Apr 1st, 2016
Making a Freedom of Information request – a guide
By Rachel Oliver
There are a couple of different ways to submit an FOI request.
1. The easiest way is to submit a request is via this website: https://www.whatdotheyknow.com/
Here you simply click on the public body you want information from, then write what information you’re after into a simple online form.
The advantages of using this website are:
– they will submit the request for you to the public body (they have a list of tens of thousands of public authorities and bodies!)
– to the right individual within the public body
– they email you as soon as they get a response
– you can search through thousands of requests that have been made in the past (with keyword searches)
– it’s free
– the response they receive is made public on their website straight away. (This might be undesirable if you want to use the information you acquire in a shock media exposé or news story, for example).
2. The other way to make an FOI request is to do it yourself:
The advantages of this method:
– the response to your request is not made public until you choose to make it so (by writing to your local paper or submitting a press release to local media outlets, for example). The response is sent to you only.
– It involves a bit more work, to make sure you find the right person who deals with FOI requests within the organisation you’re submitting the request to. But a simple phone call to the reception of the body should help you find this out.
– You have to remember to follow up your request if you don’t get a response within 20 working days.
Tips on making a successful FOI request (ie getting the answer to your request!):
NOTE This applies to both methods above.
– Choose the right department/organisation. Do a bit of research to make sure the department you are writing to with your request has the information you’re after. It’s a good idea to give them a call before you make the request. Then you can ask for the email address of the assigned person who deals with FOI requests too.
– Make your request as specific and clear as possible. Public bodies have to respond to your request within 20 working days, but they could come back to you on the 19th day and say that your request wasn’t clear enough and they haven’t understood the information you require.
– Make sure your request is reasonable, and if appropriate, time-bound. Public bodies can deny an FOI request on the basis that it will take one person more than the three and a half days they can dedicate to responding to one request.
– Remember that it’s your right to request information that is in the public interest, so don’t be put off by initial rejections!

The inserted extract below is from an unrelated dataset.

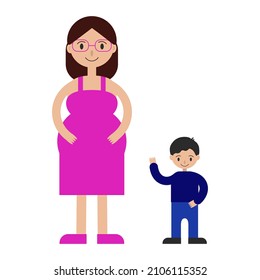 simple vector illustration mother with boy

(- Read more about why FOI requests can be rejected here and see examples below.)
These websites have some really helpful tips and information:
An example of a successful FOI request is:
Dear NHS Airedale, Wharfedale and Craven Clinical Commissioning Group,
I am writing to ask for the name and contact details of the “Head of Continuing Health Care Services” at the CCG and the “Head of Procurement” (person responsible for the procurement of products and service that relate to the CCG’s needs and requirements).

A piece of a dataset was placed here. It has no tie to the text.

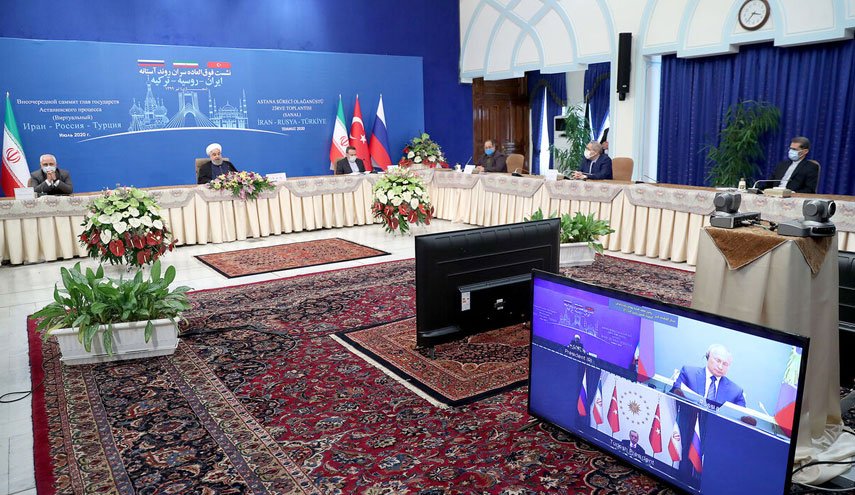 بیانیه مشترک نشست مجازی سران روند آستانه/ جامعه بین الملل به دور از تبعیض کمک‌های خود به مردم سوریه را افزایش دهد/  تعهد ایران، روسیه و ترکیه به حاکمیت و تمامیت ارضی سوریه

Please could you also provide the details of the area/s they cover (if they cover more than x1 CCG)
I have outlined below the format in which you can fill out the information clearly.
Head Of CCG
An example of an unsuccessful FOI is:
Dear NHS England,
I should like to know the number of doctors who have used their power & influence to obtain confidential information about a patient, claiming to be a “family friend”.
This FOI request was rejected on the grounds that it went to the wrong organisation. NHS England’s response was:
NHS England does not hold this information.
It may help if I explain that the NHS in England is not the same as ‘NHS
England’. The NHS in England is not a single organisation, but is made up
of a range of organisations including Hospitals, Clinical Commissioning
Groups (CCGs), Ambulance Trusts and other organisations. As such, any
recorded information which NHS England may be able to provide in response
to an FOI request will generally relate to the services commissioned by
An example of a partially successful FOI request is:
Dear Department of Health,
I would like all copies of all of the clinical trials for each vaccine on the current childhood immunisation schedule. Prior to their marketing. The ones you examined before allowing them to be used on our children in England. ANd if you had any prior information from other countries as to there dangers. For example like the Urabe strain on MMR which the UK purchased from Glaxo despite knowing it injured children in Canada at a high rate?
This request was rejected on the basis that the questions asked were too many and too complex. The response, however, was helpful, in advising how best to get a positive response:
Dear Ms XXXXXX, don’t give up. Split it down to individual or simpler questions and if necessary get others to ask the questions for you.